The Nifty 1150 at the time (it later moved to 1160 AM for a power boost), so they knew of his interest.

“Mrs. Phillips (the owner of WYNS) called me, and said I was hired,” Drucker said. “I drove 1,100 miles straight through to take the job.”

History

While at WYNS, Drucker was the music director, and worked with Bud Williams, whose real name was Bill Desing.

Later, he worked at WLS-AM in Chicago with Dick A. Foreman, who became national program director and vice-president of ABC Radio, and Joe “Hiya Hiya Hiya” Reynolds, who then went on to work for WIBG in Philadelphia, Canadian powerhouse CKLW, and KQV in Los Angeles.

While at WYNS, Drucker got a bit part in the motion picture “The Molly Maguires,” which was filmed in the historic village of Eckley.

“I was a stand-in, ironically, for the priest, actor Phillip Bourneuf,” Drucker said. Appearing in the movie conflicted with his WYNS schedule, which led to him leaving the radio station.

After leaving WYNS, he worked at WSCR in Scranton, where the station manager scheduled him around his movie shooting schedule. Then he moved to WAMZ in New Haven, Connecticut.

“I went to visit my shipyard buddies, and got drunk,” he said. “I called in and said I couldn’t make it in the next day, so they fired me.”
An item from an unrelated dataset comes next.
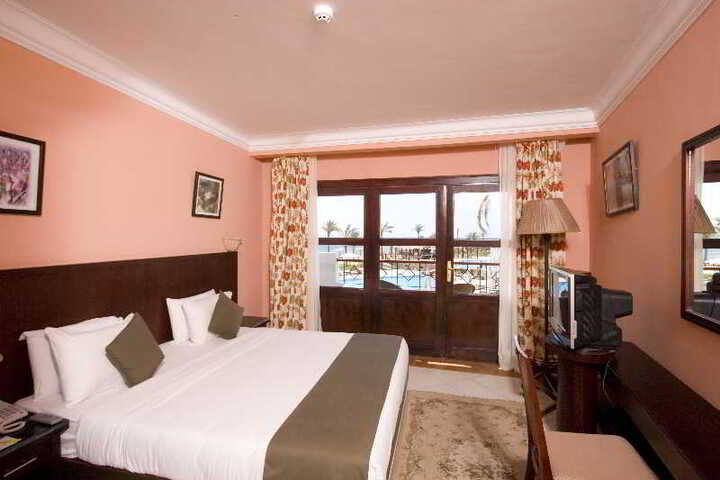 Room 7 of 8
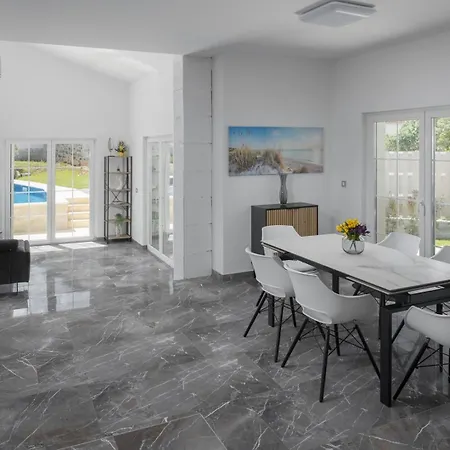 Nina Βίλα Πόρετς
Then Ron Allen, the program director of WARM, called. Allen told him George Gilbert, the station manager, wanted to hire Drucker, so he did overnights at then-America’s number one rated station at the time, WARM The Mighty 590 in Scranton.

He left WARM in 1971 to become program director at WBAX in Wilkes-Barre, which Drucker described as “the number two rocker (to WARM) in the Scranton/Wilkes-Barre radio market. It was during that time Drucker got his calling to be a priest.

“I got a call from Bud Angst, who was running WLSH, as well as WPAM in Pottsville,” Drucker said. “He was a stern taskmaster and a good man, so I went to work for him for six months while I was searching religious orders.”

The priesthood

Drucker was ordained in 1978 as a priest in the Greek rite, and served parishes in Beaver Meadows, St. Clair, Brockton and Scranton, three in New Jersey and South Hadley, Massachusetts. That’s when he was commissioned as a first lieutenant in the U.S. Air Force Reserves as a chaplain at Westover Air Force Base in Chicopee, Massachusetts.

“My mom died in 1987, and I went on active duty with the Air Force,” he said. “As a parish priest, I got special permission to become Army Senior Chaplain at the rank of captain. I served in the first Gulf War, and was wounded in the leg.”

While in the military, he earned the U.S. Air Force Commendation Medal with Bronze Oak Leaf Cluster; the National Defense Service Medal with two Bronze Service Stars for Persian Gulf War/Operation Desert Storm; the Humanitarian Service Medal with two Bronze Service Stars for Operation Provide Comfort, and the Pennsylvania Air National Guard Commendation Medal and Ribbon.

While at Little Rock Air Force Base in Arkansas, he earned a master’s degree in journalism from the University of Little Rock.

The Doo-Wop Priest

Rev. Drucker is an active member of the Broadcast Pioneers of Philadelphia, where he met T. Morgan.

“He worked at WICK (a Scranton radio station) in the early and mid-1960s,” Drucker said. “He went to college in Philadelphia, and went to WMMR and asked ‘Why don’t you play album cuts?’ He is the person who brought classic rock to Philadelphia.”

Morgan started outsidefm.com, which is an Internet radio station, where Rev. Drucker also does a radio show.